For decades, geologists have been drilling — literally — for clues that would help them understand ancient wholesale changes in Earth’s climate, clues that could shed light on current global warming.
Usually, their efforts have been aimed at sea sediments taken from cores extracted hundreds of feet beneath the ocean floor. But in a more terrestrial project this past summer, an international geological team led by the University of New Hampshire began deep-core drilling at three sites in Wyoming’s Bighorn Basin east of Yellowstone National Park.
These six new core samples from Bighorn, until now better known for the dinosaurs in its past and the natural gas in its future, should make it possible to map ancient climate change at highly precise — in the realm of 1,000 to 10,000 year — intervals.

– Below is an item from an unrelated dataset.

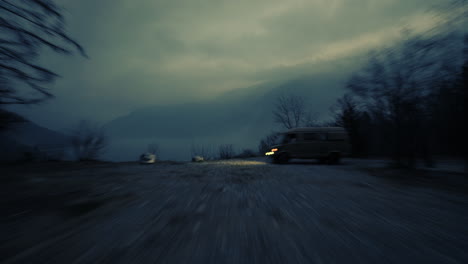 misty mountain road at dusk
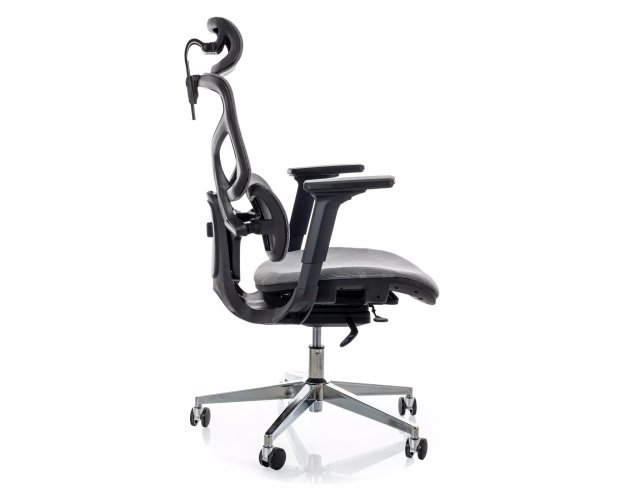Ergonominis sūpyninis darbo krėslas su tinkleliu – pilkas, reguliuojam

The 2.5-inch-diameter cores were drilled some 500 feet into the basin sediment in hopes that complex geochemical analyses could better explain the causes and effects of the biggest and best-studied period of known extreme global warming — the so-called Paleocene-Eocene Thermal Maximum.

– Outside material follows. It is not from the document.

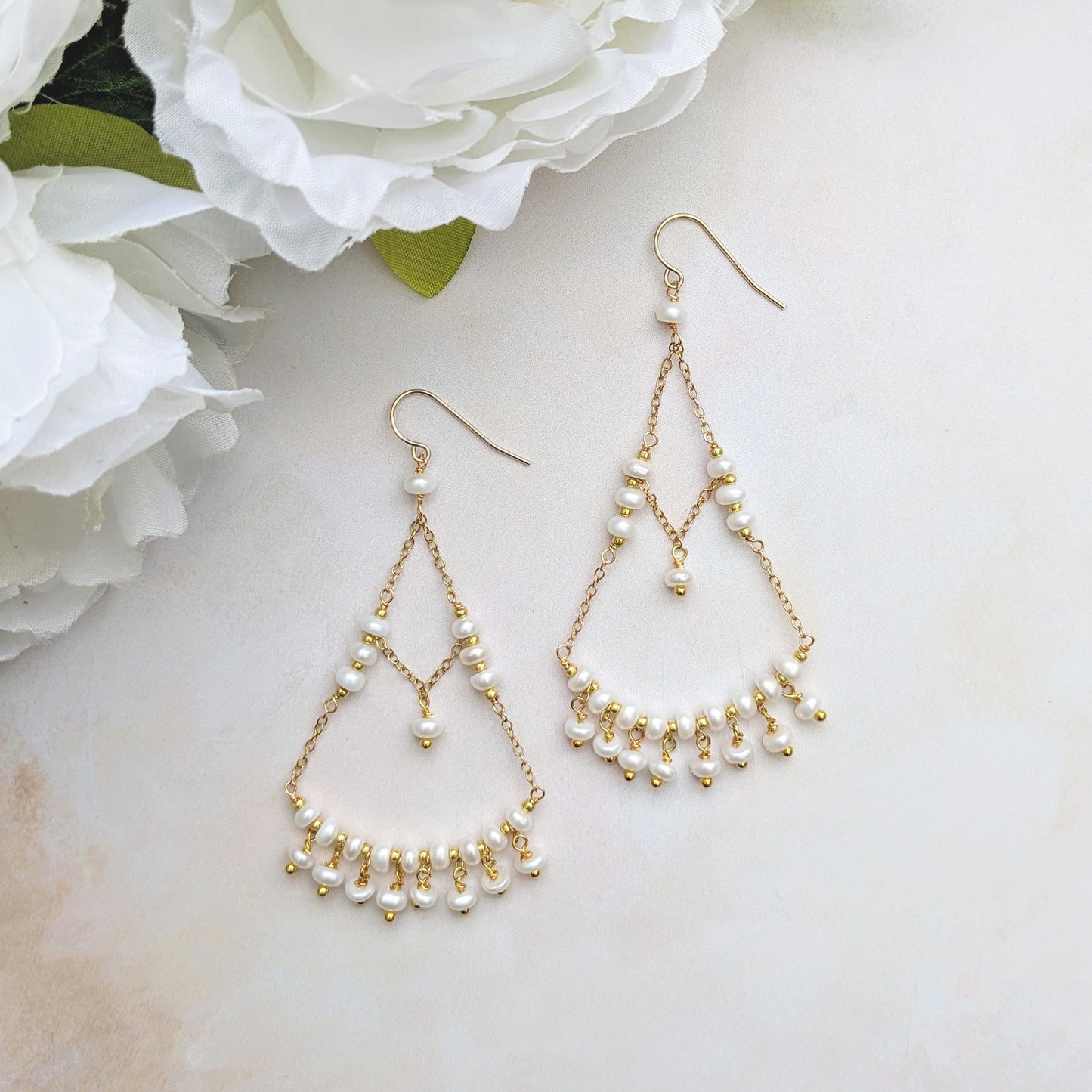 Gold Pearl Chandelier Earrings - Susie Warner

PETM took place 56 million years ago and involved the release of as much as 7,000 gigatons of carbon in less than 10,000 years. By comparison, if released in a similar manner, all the world’s known fossil fuels today would only contribute 5,000 gigatons.

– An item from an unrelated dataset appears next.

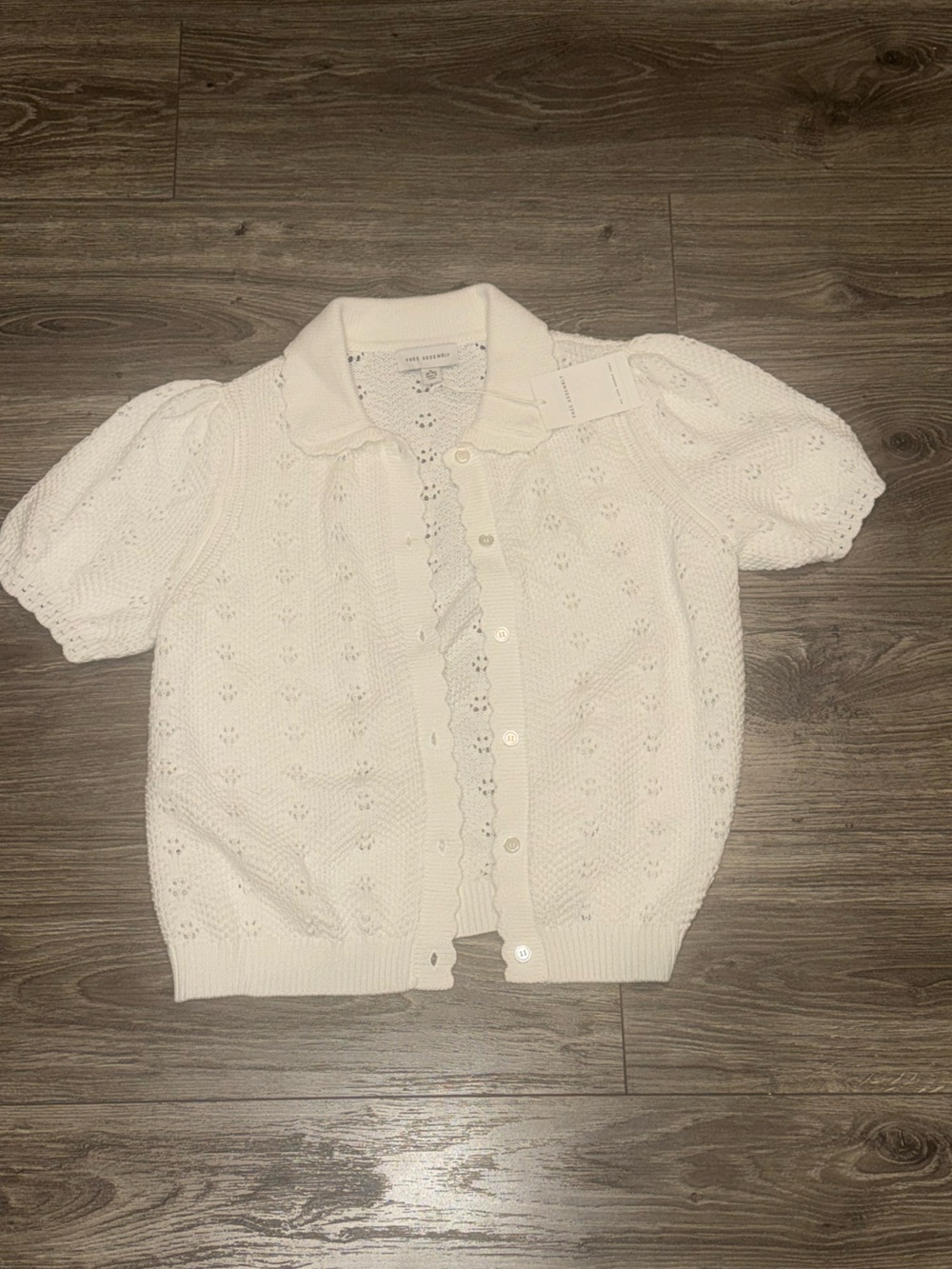 Cream Short-Sleeve Eyelet Knit Cardigan - Women's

“These hyperthermals are random freak events, but there have been about 40 [of varying intensity] in the last 300 million years,” explains Gregory Retallack, a paleontologist at the University of Oregon in Eugene.
Because these cycles have already been identified in marine cores, these new continental measurements should make it possible to place these ancient regional climate and ecological changes into a global framework. In other words, climatologists will have a much better idea of how these ancient warming events affected the whole of Earth’s climate.